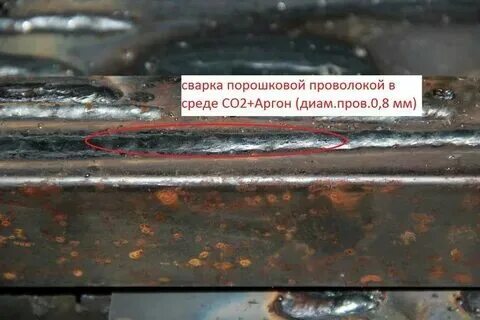 Порошковой проволокой авто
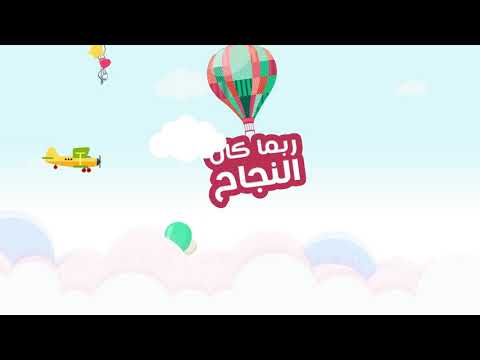 التكليف الاخير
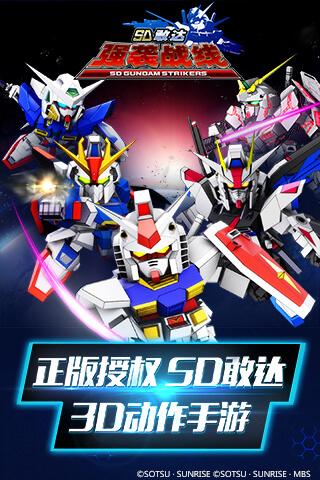 SD敢达强袭战线  4.5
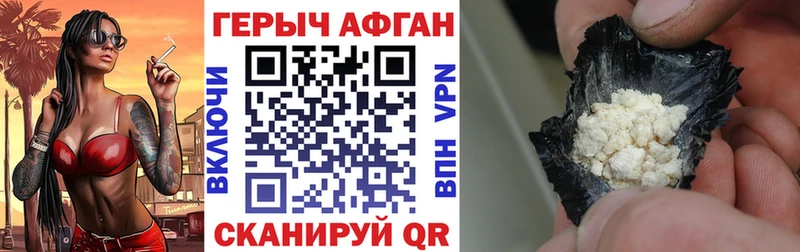 ГЕРОИН афганец  Белая Калитва 
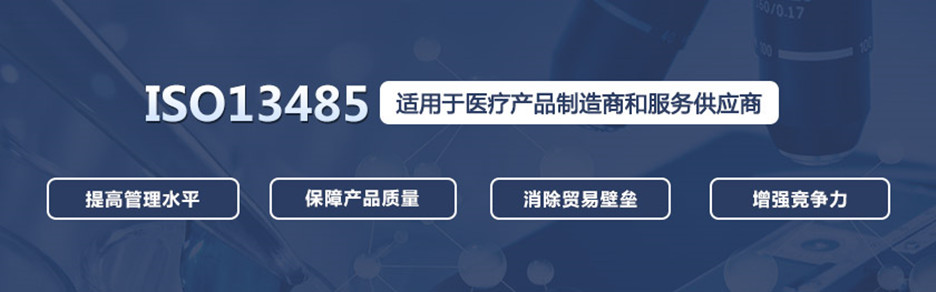 溧阳ISO13485认证说明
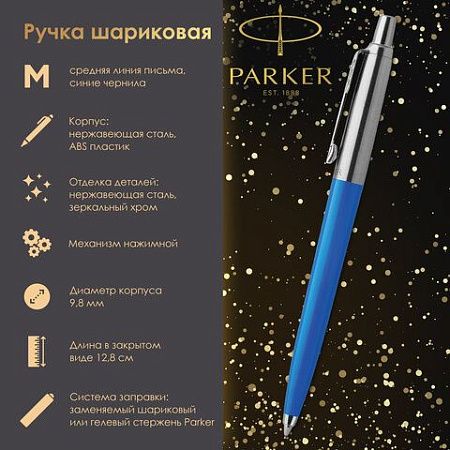 Ручка шариковая PARKER "Jotter Plastic CT", корпус синий, детали из нержавеющей стали, блистер, синяя, 2076052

▬▬▬▬▬▬▬▬▬▬

The response must restate exactly the lines from the one containing "溧阳ISO13485认证说明" through the end of the records above and must leave out all pictures.

 溧阳ISO13485认证说明
 Ручка шариковая PARKER "Jotter Plastic CT", корпус синий, детали из нержавеющей стали, блистер, синяя, 2076052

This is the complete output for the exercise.